# What you have to do
Restate word for word the lines beginning with the one that contains "Colin Stuart Black" and ending at the bottom of the records below, both included.

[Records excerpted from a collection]

───

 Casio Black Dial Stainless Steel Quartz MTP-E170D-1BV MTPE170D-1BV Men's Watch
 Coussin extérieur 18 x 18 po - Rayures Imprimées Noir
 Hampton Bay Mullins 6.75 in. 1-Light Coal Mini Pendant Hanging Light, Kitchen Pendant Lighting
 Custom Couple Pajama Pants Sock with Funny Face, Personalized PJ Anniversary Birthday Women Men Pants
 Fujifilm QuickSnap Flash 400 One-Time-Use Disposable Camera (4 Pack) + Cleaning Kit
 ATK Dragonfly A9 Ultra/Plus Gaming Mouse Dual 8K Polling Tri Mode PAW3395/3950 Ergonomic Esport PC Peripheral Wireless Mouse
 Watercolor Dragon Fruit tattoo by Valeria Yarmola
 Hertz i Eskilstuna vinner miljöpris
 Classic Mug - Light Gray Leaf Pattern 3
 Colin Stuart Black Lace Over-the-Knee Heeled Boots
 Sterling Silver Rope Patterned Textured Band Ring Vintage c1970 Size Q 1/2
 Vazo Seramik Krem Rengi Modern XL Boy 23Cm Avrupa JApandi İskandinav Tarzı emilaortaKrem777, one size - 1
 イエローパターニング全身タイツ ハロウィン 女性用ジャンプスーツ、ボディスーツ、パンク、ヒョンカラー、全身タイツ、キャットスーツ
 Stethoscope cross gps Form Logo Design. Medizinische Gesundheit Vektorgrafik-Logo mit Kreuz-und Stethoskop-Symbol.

───

# Answer to this task
 Colin Stuart Black Lace Over-the-Knee Heeled Boots
 Sterling Silver Rope Patterned Textured Band Ring Vintage c1970 Size Q 1/2
 Vazo Seramik Krem Rengi Modern XL Boy 23Cm Avrupa JApandi İskandinav Tarzı emilaortaKrem777, one size - 1
 イエローパターニング全身タイツ ハロウィン 女性用ジャンプスーツ、ボディスーツ、パンク、ヒョンカラー、全身タイツ、キャットスーツ
 Stethoscope cross gps Form Logo Design. Medizinische Gesundheit Vektorgrafik-Logo mit Kreuz-und Stethoskop-Symbol.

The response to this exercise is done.